Firstly, it’s the system’s best game at the moment for offering crazy and over the top enormous creatures to fight. Your enemies are all machines and robots, but they will range from mythical creatures like a dragon to giant spiders or a kraken. TTT also allows you to do something in multiplayer that I wish more games did, which is take a photo of your face (and select an amusing set of features to add) which will float about you during matches, making it easier to identify who’s who.

Unfortunately this is where things start to go downhill a little for the game. The single player is infuriatingly repetitive and the multiplayer is in many ways flawed.

The basic gameplay element of controlling your tank doesn’t work nearly as well as you’d hope. The tanks are very clunky to control, feeling in many ways like trying to navigate in the first few Resident Evil games, but at a higher speed giving you less time to turn correctly. There is also an auto aim on your tanks which, put simply, makes hitting your enemies too easy. There’s no challenge to be had in blasting down a wave of robots if the computer will do all the actual work for you.

The main game is disappointingly simple and repetitive. You have an infinite supply of weak machine gun fire, but there are pick ups allowing you to either use rapid-fire weapons or slow but devastating attacks. The mission layout seems to boil down to either shooting a hundred or so identical small enemies or attacking one enemy around a hundred times the size. There are very few different enemies to battle and you’ll very quickly be repeating fights you’ve already faced.

The repetitive facing of enemies very quickly gets worse due to a very annoying attempt to extend the game’s length. To progress through the levels you need to earn medals, the problem being that you can only get one medal for each stage and you need many more medals to advance than there are levels open. The way to continue collecting medals is to use a different tank to repeat a level (disappointingly the tanks all control almost identically) and get an additional medal. Most of your time trying to complete the single player will be repetitive grinding for medals, which gets old pretty quick.

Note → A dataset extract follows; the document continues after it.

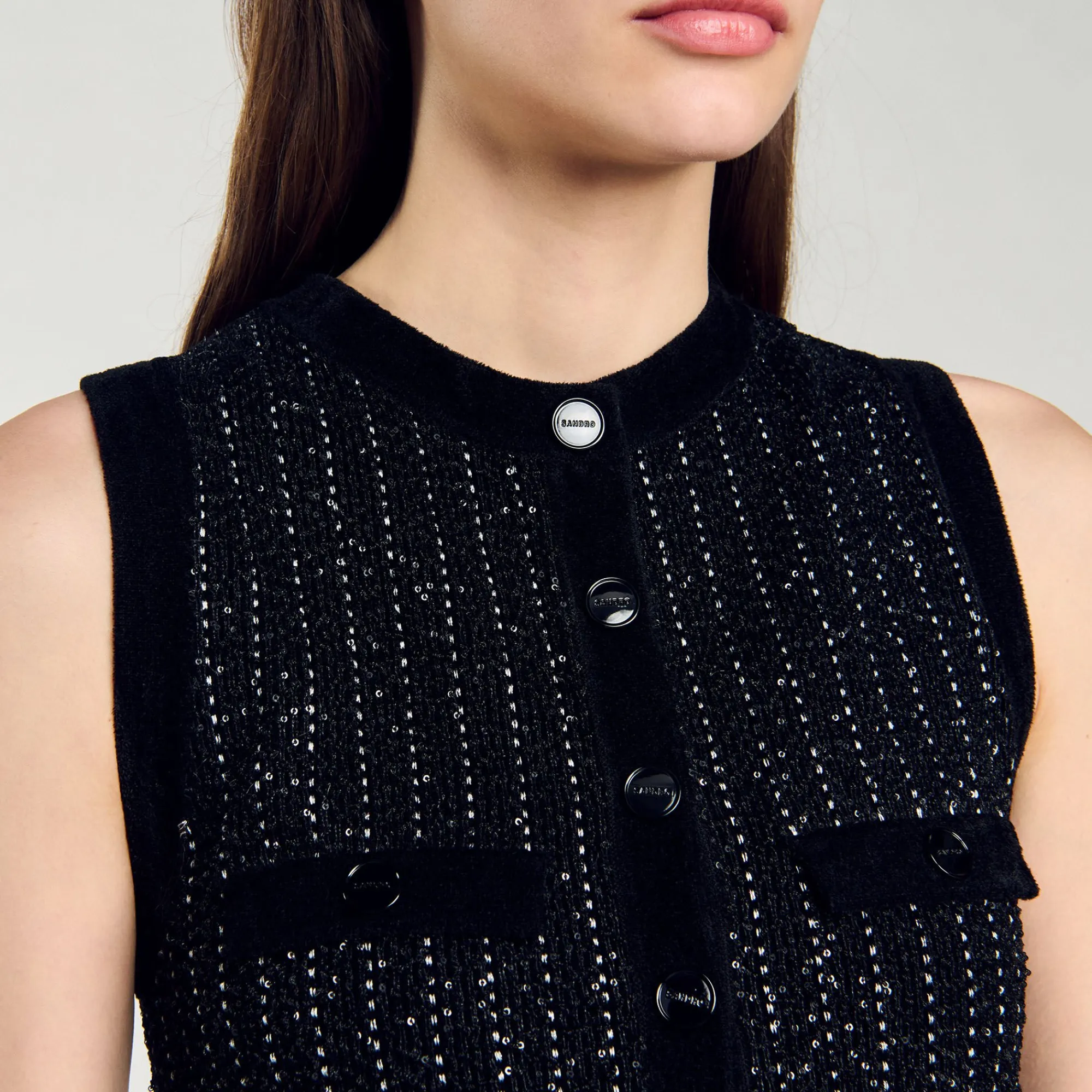 Robes*SANDRO Robe En Maille Fantaisie Noir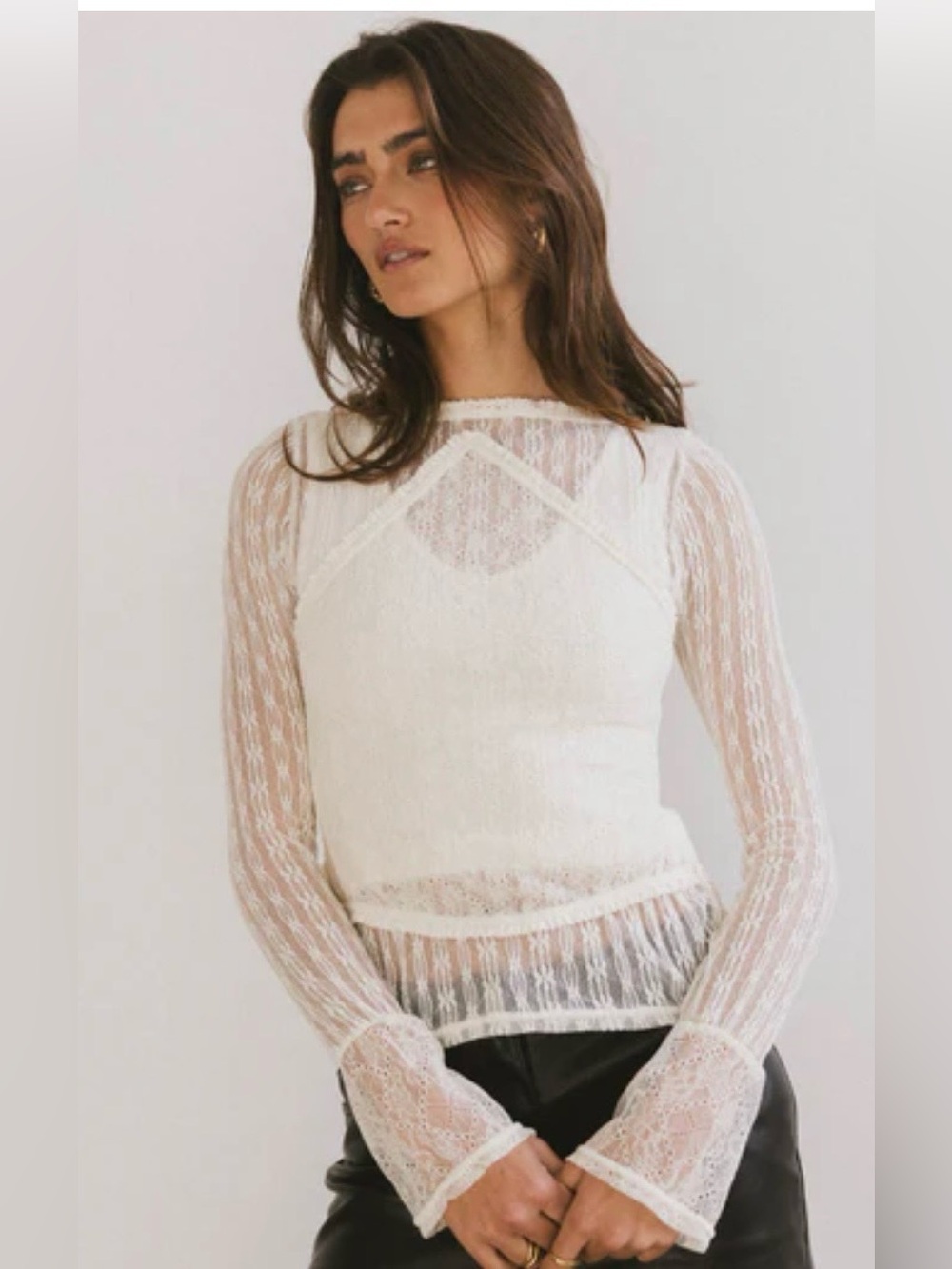 Bohme Sheer Lace Lienna  Women’s Top L Feminine Clean Girl Cottage Edwardian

The multiplayer is good for some quick fun with friends, but does have several flaws. TTT allows you to play multiplayer using the Gamepad as a second screen, meaning for 2-player multiplayer the screen doesn’t have to be split. The multiplayer appears to be unchanged since getting my hands on it at the MCM Expo in October (you can read our preview coverage here). It’s good for a quick laugh, but it’s ultimately a fairly shallow experience that will quickly grow boring once you’ve played the same map as the same tank a few times. The mode in which you battle a giant ape is the most interesting part of the multiplayer, but there’s only the one map to play on unfortunately and not a lot of room for you to improve on the challenges of that first match.

All in all Tank! Tank! Tank! is a game of missed potential. The pieces of a great game are all here, and if you can overlook the repetitive nature of its single player and the game’s other issues then it’s enjoyable. The problem is that it just feels rushed to market for launch day at the expense of having a game full of content. However, it is priced as a budget release in the UK and so might be worth picking up, but the game is certainly not for everyone.